Since the peninsula sticks out into the room,(much as its geographical namesake sticks out into the water) it can be wider and still have everything reachable, as you have access from both sides of the peninsula. John Armstrong liked this arrangement, and dealt quite thoroughly with it in his book on track planning. 
If you must go all the way around the room, include a hinged section of railroad that can fold down, when you need to walk in; and back up, to run trains. I have built such a hinged section, where my garage, shelf railroad crosses in front of a door. My layout also has a peninsula at one end and a wide spot at the other, where trains can turn. Since my railroad is N scale, it does not need as much space to turn as an HO scale one does. That's one of the advantages of a smaller scale.
For now enjoy the temporary set up and study the books. When your ready, you can start your bigger layout. Oh! That's the other cation I wanted to give you. Don't, "bite off more than you can chew". Our imaginations tend to outpace our skill levels, and such sensible considerations of; how big to build, how many features will fit, and how many years/decades/centuries it will take to build the thing!
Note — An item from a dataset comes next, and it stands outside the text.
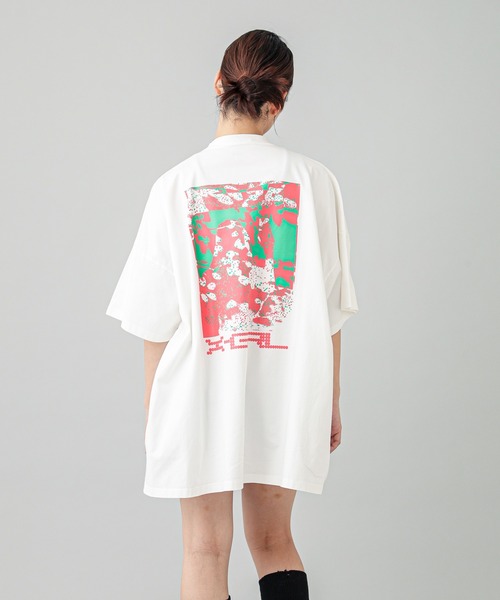 X-girl（エックスガール）の「FAINT PRINTED S/S TEE DRESS（ワンピース・レディース・ブラック/ホワイト/ベージュ・S/M）」の12枚目の写真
One's "dream layout" can turn into a nightmare quite easily! (Don't ask me how I learned this!)
It's much better to build small, and simple and complete; than grandiose, big and never working! As another post said KISS.

Regards;
Traction Fan

PS. Below are a few pictures of my railroad. One shows my peninsula, and another a section removed for repairs.


----------



## Mattsn (Nov 22, 2015)

Traction fan... Those are some nice pics. It looks like that's a pretty large layout. Thanks for adding to my motivation. 

I appreciate all the tips guys. It will be a while before I'm far enough to really think k about the DC Vs DCC. however I'll be starting a new thread when I'm at that point.. 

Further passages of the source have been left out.